The Student News Site of Harvard-Westlake School

The Harvard-Westlake Chronicle

The Student News Site of Harvard-Westlake School

The Harvard-Westlake Chronicle

The Student News Site of Harvard-Westlake School

The Harvard-Westlake Chronicle

    Yoga class teaches methods to cope with stressful life

    By Arielle Maxner

    In the Hamilton gym, away from the main upper school campus, Amy Bird teaches her yoga class. The atmosphere is quiet and relaxed, yet focused. Students are guided through asana poses or sun salutations, concentrating on maintaining stability.

    In teaching these poses, Bird wants to incorporate how to apply the tenets of yoga to everyday life.
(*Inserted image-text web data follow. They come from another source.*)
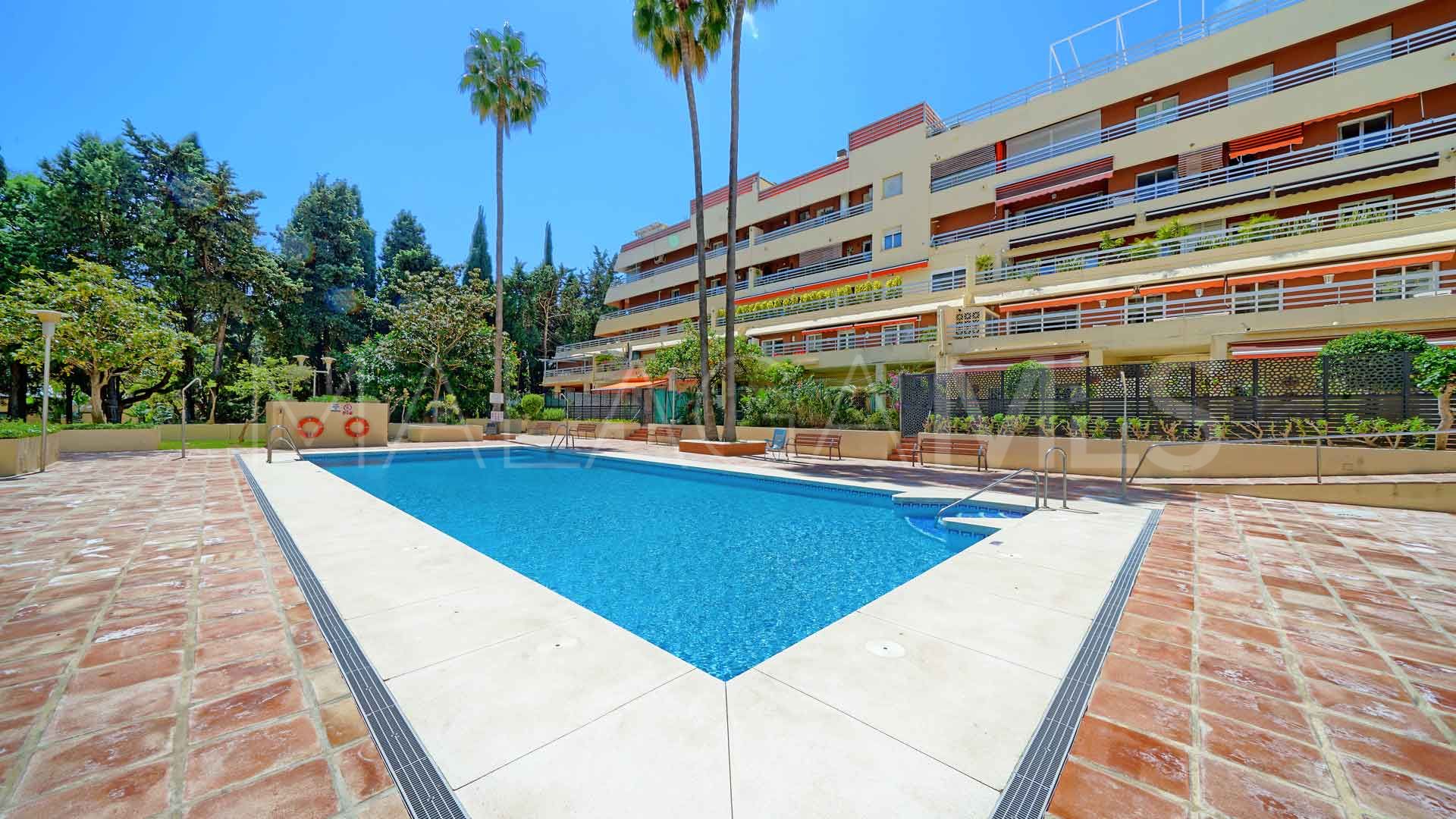 Buy apartamento de 2 bedrooms in Marbella Ciudad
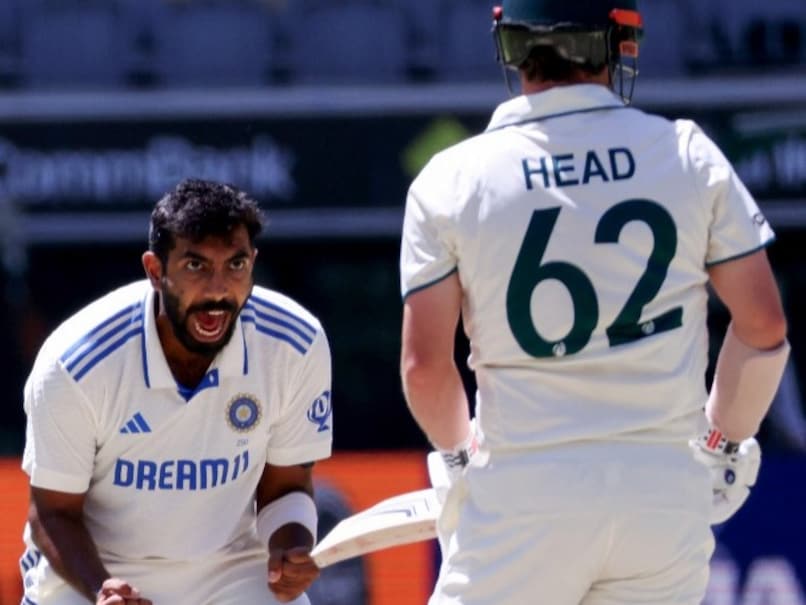 921ir64g jasprit bumrah travis head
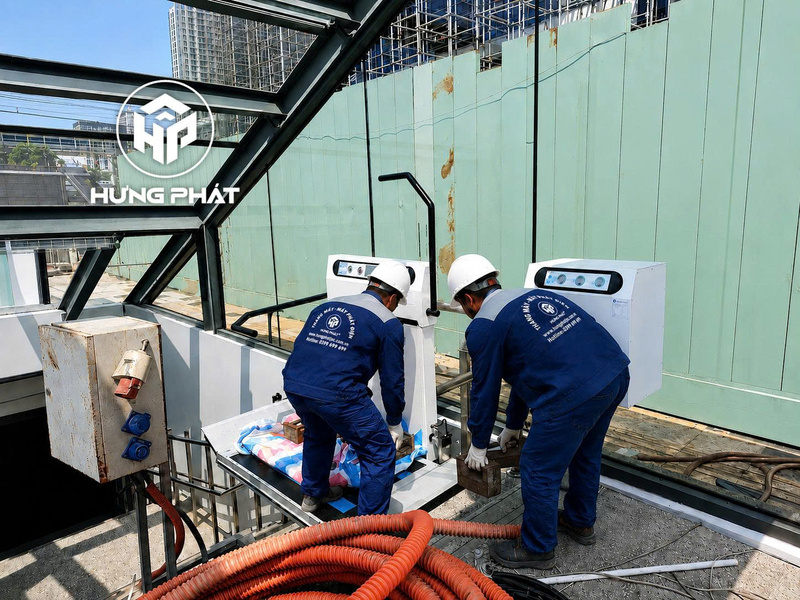 Đội ngũ nhân sự Hưng Phát kiểm định thang máy Gemanlift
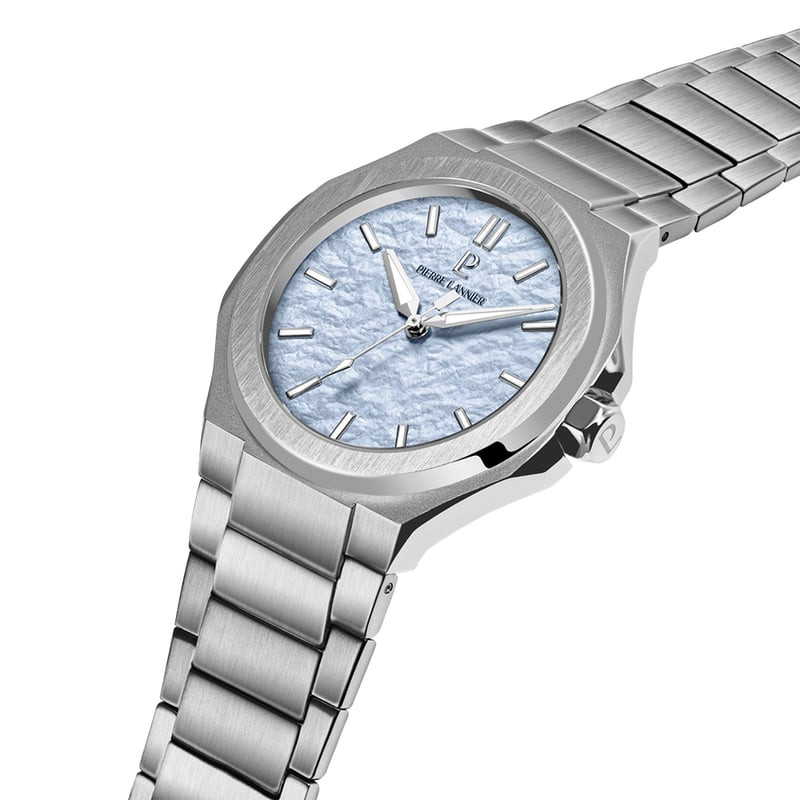 Gros plan incliné de la montre Pierre Lannier Graphite, cadran bleu glacier texturé et bracelet en a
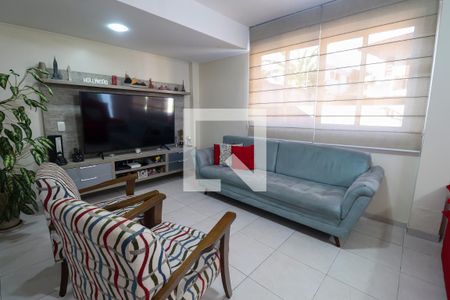 Casa de condomínio à venda com 170m², 2 quartos e 6 vagas Casa de condomínio à venda com 170m², 2 quartos e 6 vagasSala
    “I want my students to know that it’s more than just physical exercise…to have some sense of the philosophy of yoga, and then how they might apply that to their life,” she said.

    Stability is a key part of Bird’s yoga philosophy.

    “Stability is a nice description for the way we want our bodies to be, the way we want our psyches to be…stability is such an important thing.”

    She said she teaches stability in the poses, and then makes the connection between physical stability and mental stability, saying “stability of the asana practice eventually will lead to stability in mental practices…those two are linked.” Bird’s first experience doing yoga came from a book. She started during her senior year at Dartmouth College. She was studying martial arts at the time and made a connection to yoga.

    Continuing this way for four years, it was not until she moved into a city where yoga classes were actually offered that she began taking them.

     

    Yoga was something she wanted to continue doing, even as she moved away from the city.

     

     

    Bird asked her teacher about creating her own classes. She organized a small, simple yoga class teaching basic poses in Maine, and her first “real” yoga job was at a YMCA in Boston.

    When she moved to California, teaching yoga was just something she did “in the meantime” while looking for another job. It was “sort of by default, at first… I was looking for something to do, but I had something that I did, and that I was good at.”

    Pretty soon, yoga became what Bird did for a living, something she spends “time and energy trying to incorporate into my life.”

    Bird says that there is no way to completely describe how yoga has affected her life, but she knows it “wouldn’t be the same.” In other words, she doesn’t know “to what extent I would attribute the way that I live to yoga, but it certainly has impacted the way I want to live my life, the way I want to raise my child, what I deem to be quality of life.”

    Some of these choices include being a vegetarian and not watching too much TV.

    Yoga has impacted Bird in “all those kinds of broad, social, contextual ways.”

    But Bird doesn’t expect her students to become vegetarians.

    “I want to teach them good posture…how to relax, how to breathe, techniques for coping with the stressful life of Harvard-Westlake,” she said.